Keeping in the loop of recurring credit card processing
Offering recurring billing can be a big draw for potential customers. It’s not so much that cardholders don’t want to be involved in the billing process – they’re very conscious of when and how their money is being withdrawn. However, if they can avoid any unnecessary actions on their end, a regular and trusted merchant can offer recurring payment processing for potentially significant opportunities.
Recurring billing makes sense
First things first: Why would any cardholder opt into a recurring billing arrangement? Recurring billing does provide a practical and convenient way for consumers to arrange routine payments to be made for them. By agreeing to keep card information on file, cardholders and merchants can set a billing schedule for reoccurring goods or services. Facilitating monthly, quarterly, or annual payments, recurring billing can be a preferred means of paying for consistent services like utilities and fixed-good deliveries or for renewing subscriptions and memberships.
For both consumer and merchant, the primary advantage of recurring payments is convenience.
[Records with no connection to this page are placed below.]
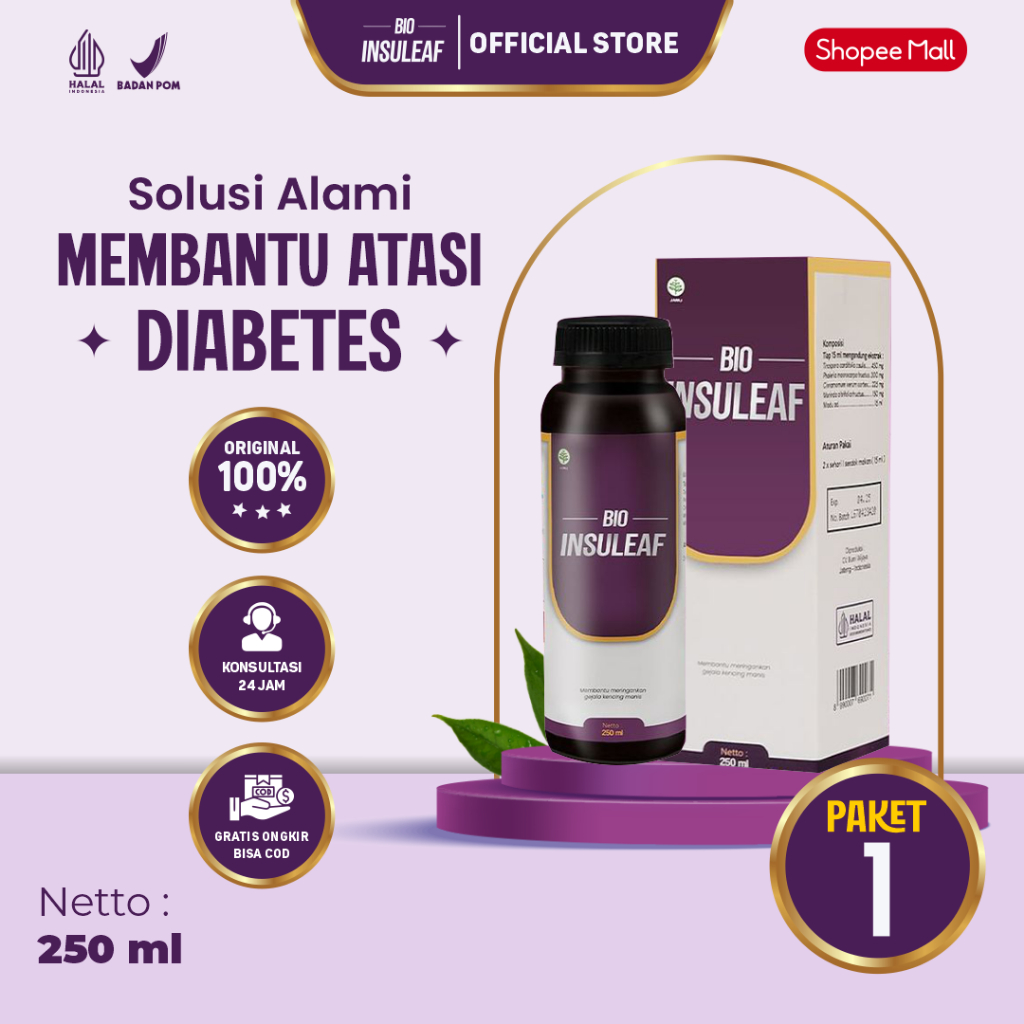 

Bio Insuleaf Herbal Asli – Penurun Gula Darah, Asam Urat, Kolesterol Terdaftar BPOM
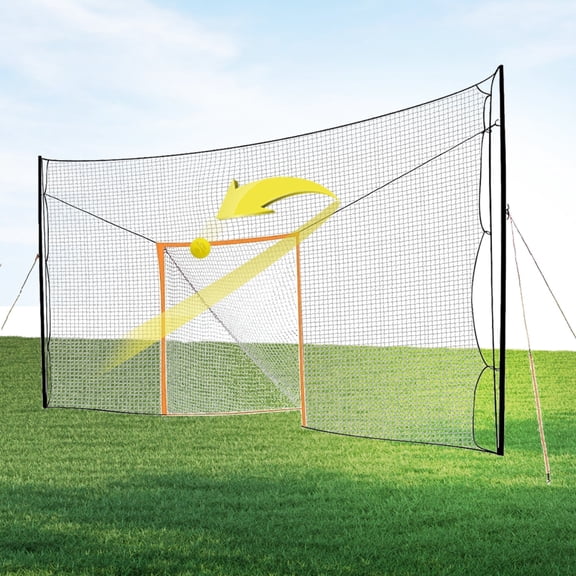 Open Goaaal 2-in-1 Lacrosse Goal with Backstop – Rebounder and Practice Net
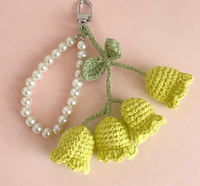 Porte-clés au crochet avec perles, pendentifs fleur d'orchidée et clochette, joli pendentif au crochet pour voiture, sac à main, cartable, porte-clés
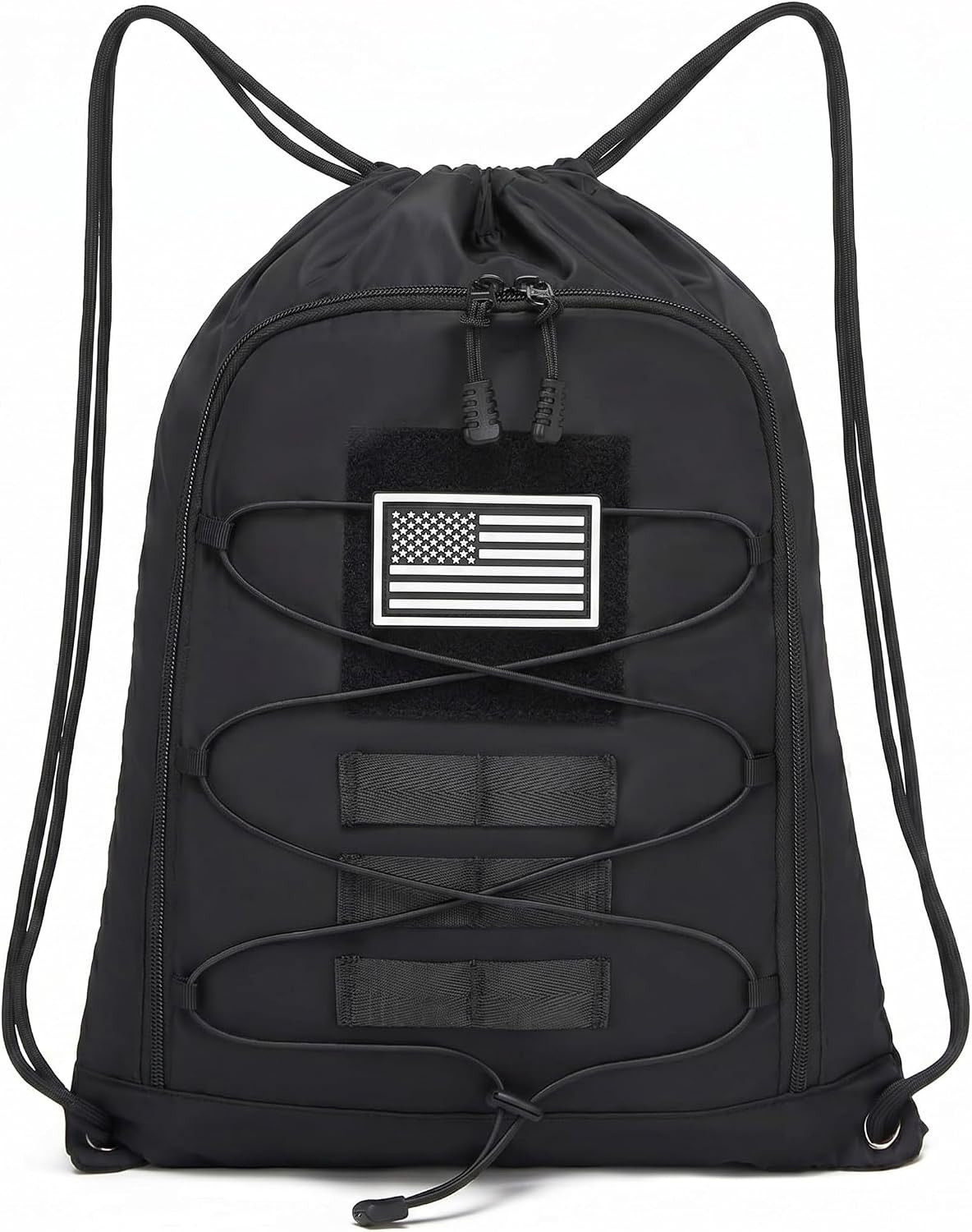 Seyfocnia Drawstring Backpack Tactical String Gym Bag with Zipper Pockets, Water
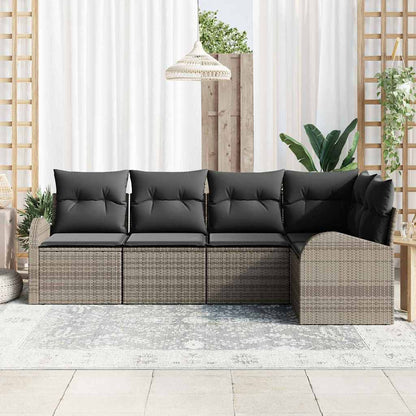 Set di divani con cuscino 5 pcs Grigio Poliestere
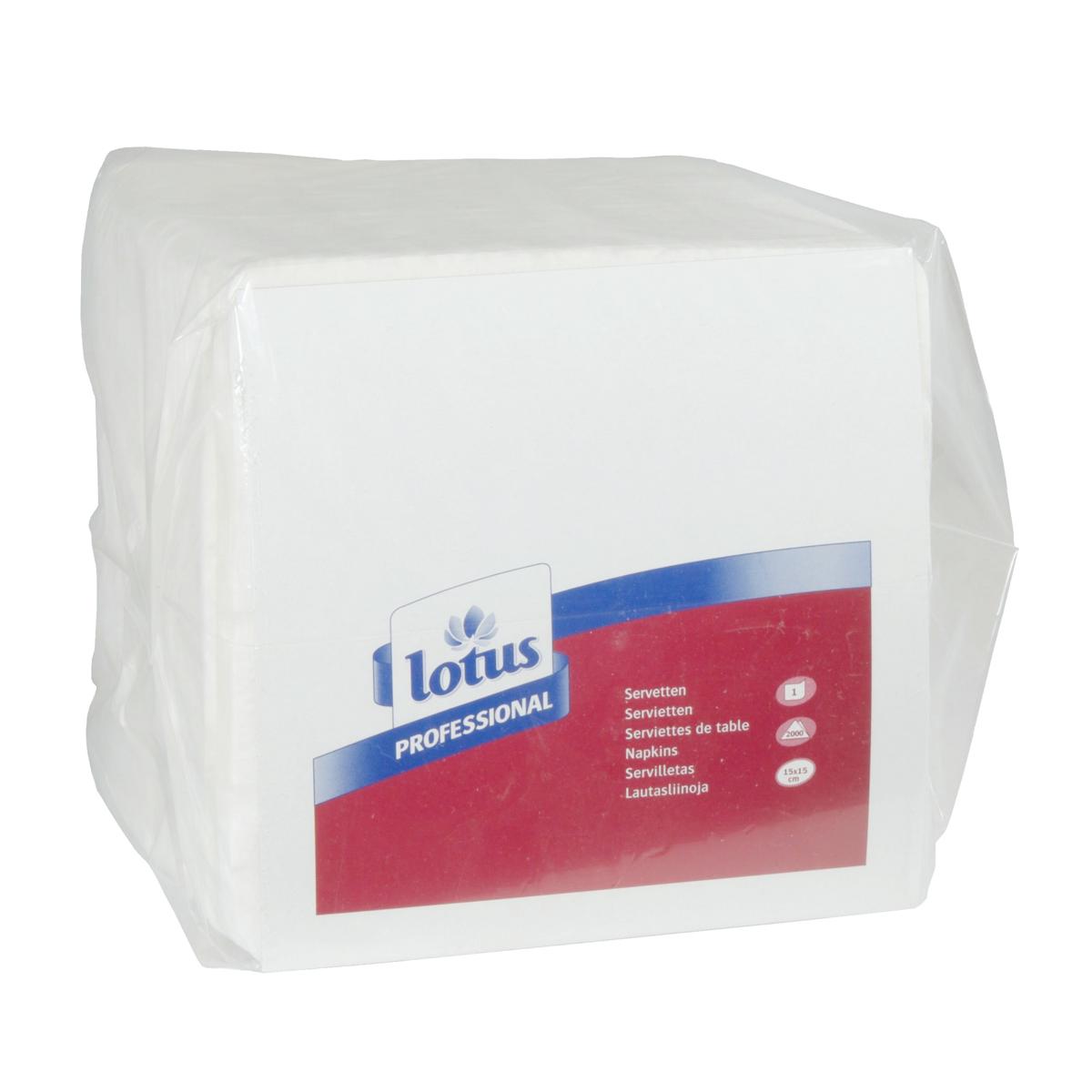 Piccoloservietten 1-lagig,Tissue weiß, 15 x 15 cm | 2000 Stück/Pack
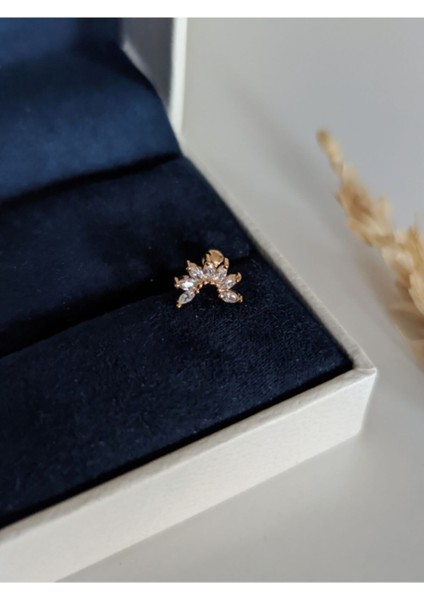 Cerrahi Çelik Gold Zirkon Güneş Model Piercing Tragus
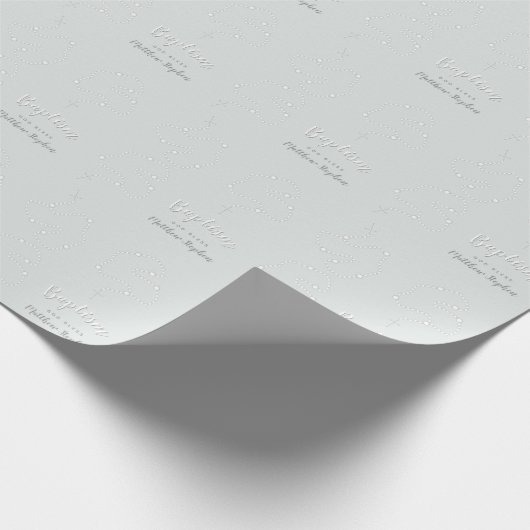Taufe Rosary über Pulverblau Geschenkpapier (Ecke)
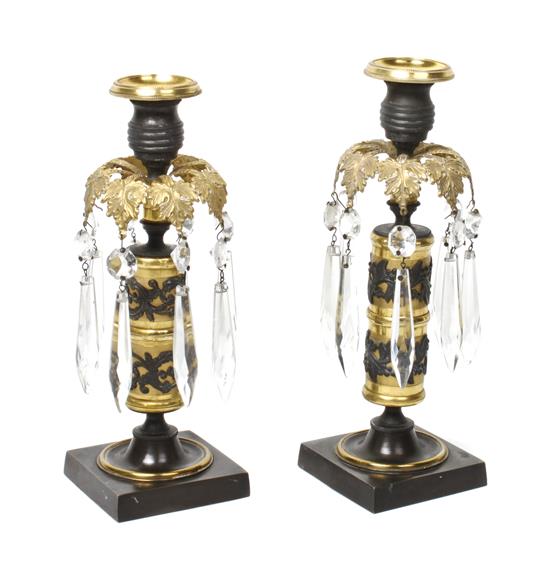 Appraisal: Sale Lot A Pair of Empire Gilt Bronze Candlesticks th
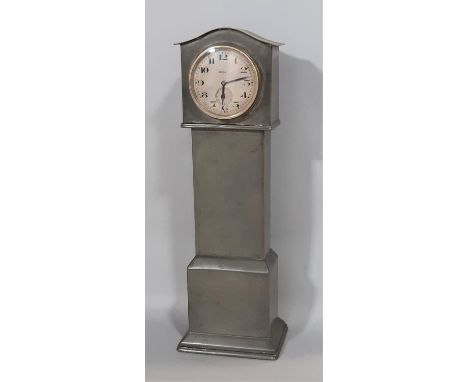 A miniature pewter longcase clock, 33cm tall with eight day time piece, running, together with a marine or bulk head clock in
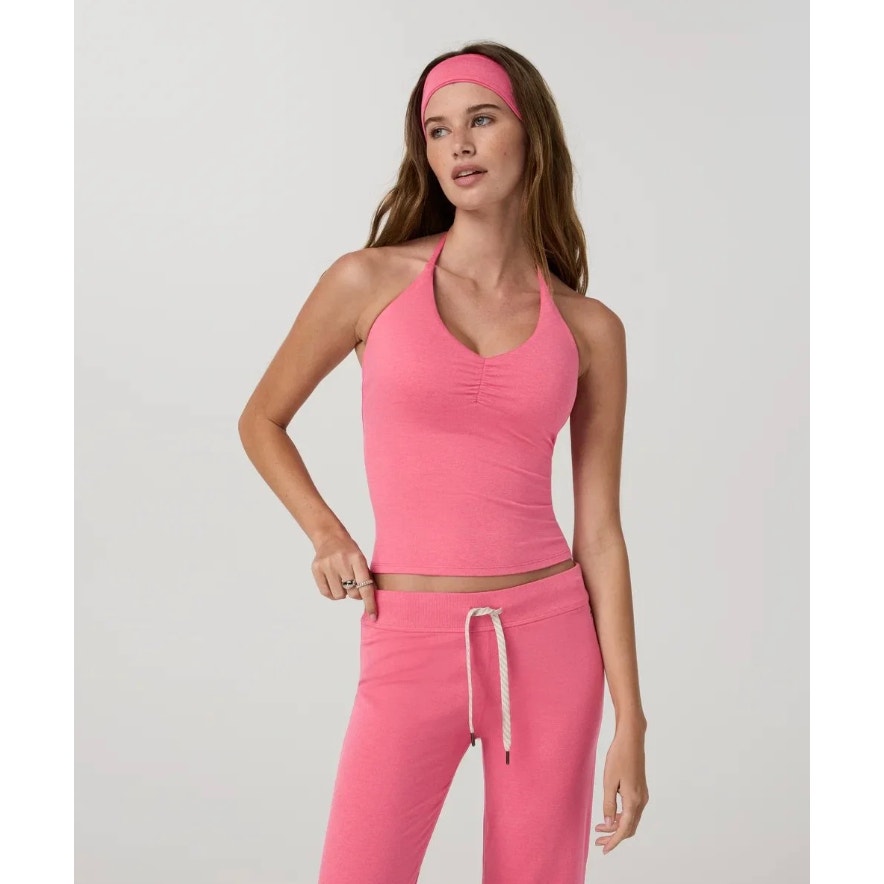Vuori halo halter ruched tank top - size small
Rather than providing the same sensitive card information time and again, recurring billing makes the payment process automatic. Having provided the card information, cardholders relieve themselves of the now unnecessary hassle of making the same payment to the same merchant for the same commodity. Provided the bills are always correct, recurring billing saves customers time and redundant attention. This service also relieves them of the burden of making time-sensitive payments.
Prompt and unfailing payments are also a considerable gain for merchants. Investing in a customer base that makes payments on time is not only a courtesy to their bottom line – it creates a highly dependable bottom line. Set in the agreement of recurring billing, customers provide a near guaranteed loyalty to the billing merchant. However, this does have the potential to become a source of dissatisfaction if the billing is not managed properly.
Growing a larger customer base and retaining that population is the ideal of recurring payments. However, it is important to keep in mind that though customers have agreed to automatically pay regularly-occurring bills, they may not be as happy with the provided products or services as their returning business would lead one to believe. Because they are locked in to the agreement, which can be a difficult procedure to cancel, many may stay despite displeasure with the experience.
Furthermore, should the customer forget about recurring charges to their account, or if a charge is inaccurate, it can also be a tiresome process to correct the status of the transaction. Pursuing a refund could try the patience of both the customer and merchant and ultimately lead to aversion of the recurring payment system and the business altogether.
Recurring credit card processing adds convenience and card security to customary transactions with familiar merchants. Taking care to avoid and minimize the obstacles of recurring payments through attentiveness and communication between merchant and participating customer can return big benefits to both parties using recurring billing.